On a test-VM i setup in the meantime, though, rpki-client happily took around half an hour (the same as on the user’s VM), while continuously loading the disk with 2-3MB/s of traffic:

/usr/sbin/rpki-client  938.80s user 379.48s system 75% cpu 29:16.84 total

Well, turns out, first downloading a lot of RPKI data, and then validating it, creates a rather specific load pattern, which can be rather nasty (in different ways for different storage). If we look at the RPKI cache in /var/cache/rpki-client, we are looking at roughly 230k small files spread over a rather large set of directories.

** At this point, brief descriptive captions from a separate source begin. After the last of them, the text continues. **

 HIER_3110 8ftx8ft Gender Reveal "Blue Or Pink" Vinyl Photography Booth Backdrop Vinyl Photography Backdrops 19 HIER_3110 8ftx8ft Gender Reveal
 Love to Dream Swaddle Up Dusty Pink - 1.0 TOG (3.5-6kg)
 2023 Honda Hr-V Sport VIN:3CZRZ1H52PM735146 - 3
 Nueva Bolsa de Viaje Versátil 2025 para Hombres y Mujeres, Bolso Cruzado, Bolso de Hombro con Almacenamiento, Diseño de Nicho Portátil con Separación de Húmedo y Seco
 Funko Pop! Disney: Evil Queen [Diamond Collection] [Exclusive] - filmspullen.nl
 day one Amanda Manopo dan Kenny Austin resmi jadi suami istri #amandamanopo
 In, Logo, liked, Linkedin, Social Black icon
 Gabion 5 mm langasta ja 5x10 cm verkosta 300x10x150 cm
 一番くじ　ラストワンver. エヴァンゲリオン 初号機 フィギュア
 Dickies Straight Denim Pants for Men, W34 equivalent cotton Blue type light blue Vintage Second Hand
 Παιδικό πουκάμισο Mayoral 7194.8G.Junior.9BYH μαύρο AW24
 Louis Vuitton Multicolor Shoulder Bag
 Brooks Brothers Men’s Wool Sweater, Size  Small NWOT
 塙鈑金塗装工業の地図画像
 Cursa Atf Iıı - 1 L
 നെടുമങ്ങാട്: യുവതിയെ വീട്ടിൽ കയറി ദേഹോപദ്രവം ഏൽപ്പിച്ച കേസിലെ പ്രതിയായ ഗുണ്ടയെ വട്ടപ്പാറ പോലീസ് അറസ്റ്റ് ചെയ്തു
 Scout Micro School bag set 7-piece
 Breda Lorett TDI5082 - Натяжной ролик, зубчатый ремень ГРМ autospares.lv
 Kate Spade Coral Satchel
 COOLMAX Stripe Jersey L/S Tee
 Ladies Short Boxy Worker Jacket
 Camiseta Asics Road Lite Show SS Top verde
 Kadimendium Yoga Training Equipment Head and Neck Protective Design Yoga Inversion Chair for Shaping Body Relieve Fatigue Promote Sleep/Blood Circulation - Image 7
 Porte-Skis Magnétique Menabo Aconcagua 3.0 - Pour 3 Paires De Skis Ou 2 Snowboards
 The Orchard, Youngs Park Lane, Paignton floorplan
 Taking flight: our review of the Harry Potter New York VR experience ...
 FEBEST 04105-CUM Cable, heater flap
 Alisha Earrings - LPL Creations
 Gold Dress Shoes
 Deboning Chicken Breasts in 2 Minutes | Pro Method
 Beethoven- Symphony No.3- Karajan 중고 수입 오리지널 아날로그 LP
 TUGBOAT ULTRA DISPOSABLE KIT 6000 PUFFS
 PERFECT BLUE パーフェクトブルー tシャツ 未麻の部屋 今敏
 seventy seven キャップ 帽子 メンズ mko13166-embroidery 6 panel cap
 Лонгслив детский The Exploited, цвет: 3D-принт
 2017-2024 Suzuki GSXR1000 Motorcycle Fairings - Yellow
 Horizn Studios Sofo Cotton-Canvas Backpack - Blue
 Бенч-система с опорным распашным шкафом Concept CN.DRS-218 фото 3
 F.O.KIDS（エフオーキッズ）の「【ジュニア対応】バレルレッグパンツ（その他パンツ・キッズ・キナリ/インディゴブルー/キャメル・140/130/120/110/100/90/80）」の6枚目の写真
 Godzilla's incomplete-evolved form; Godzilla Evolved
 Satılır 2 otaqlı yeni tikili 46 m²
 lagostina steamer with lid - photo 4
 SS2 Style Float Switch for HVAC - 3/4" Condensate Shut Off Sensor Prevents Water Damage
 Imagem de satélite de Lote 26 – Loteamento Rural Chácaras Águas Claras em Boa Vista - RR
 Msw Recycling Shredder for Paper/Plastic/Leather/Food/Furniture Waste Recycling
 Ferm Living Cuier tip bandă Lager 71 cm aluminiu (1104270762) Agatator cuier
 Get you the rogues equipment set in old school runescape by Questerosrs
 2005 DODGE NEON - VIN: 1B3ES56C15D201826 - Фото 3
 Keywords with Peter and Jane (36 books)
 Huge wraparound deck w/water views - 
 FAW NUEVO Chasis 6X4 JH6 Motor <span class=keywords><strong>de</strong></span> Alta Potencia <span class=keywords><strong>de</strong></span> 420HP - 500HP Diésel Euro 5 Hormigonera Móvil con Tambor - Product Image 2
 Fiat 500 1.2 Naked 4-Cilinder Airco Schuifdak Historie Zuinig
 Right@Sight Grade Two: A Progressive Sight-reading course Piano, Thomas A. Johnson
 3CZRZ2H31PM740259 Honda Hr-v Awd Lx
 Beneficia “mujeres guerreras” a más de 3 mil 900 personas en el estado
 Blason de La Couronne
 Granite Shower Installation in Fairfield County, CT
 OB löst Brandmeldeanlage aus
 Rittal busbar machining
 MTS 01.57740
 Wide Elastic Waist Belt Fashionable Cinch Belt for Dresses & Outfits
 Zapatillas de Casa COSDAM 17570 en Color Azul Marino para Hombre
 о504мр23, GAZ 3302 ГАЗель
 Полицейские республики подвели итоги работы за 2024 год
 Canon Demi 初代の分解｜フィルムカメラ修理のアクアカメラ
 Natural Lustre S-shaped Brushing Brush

# find /var/cache/rpki-client|wc -l
  228153

This combines “the bad” for filesystems (many small files and nested directory structures) with “the bad” for spinning rust based storage (manymany IOPS when RPKI client subsequently opens and closes all these files while validating things) and “the bad” for SSD/NVMe based storage (again, many IOPS with many random writes which quickly churns through the lifetime of your SSD; Yeah, i know, noatime n stuff… yet still.). It also explains why the whole process is so much faster on the box i run rpki-client on. It has NVMe SSDs.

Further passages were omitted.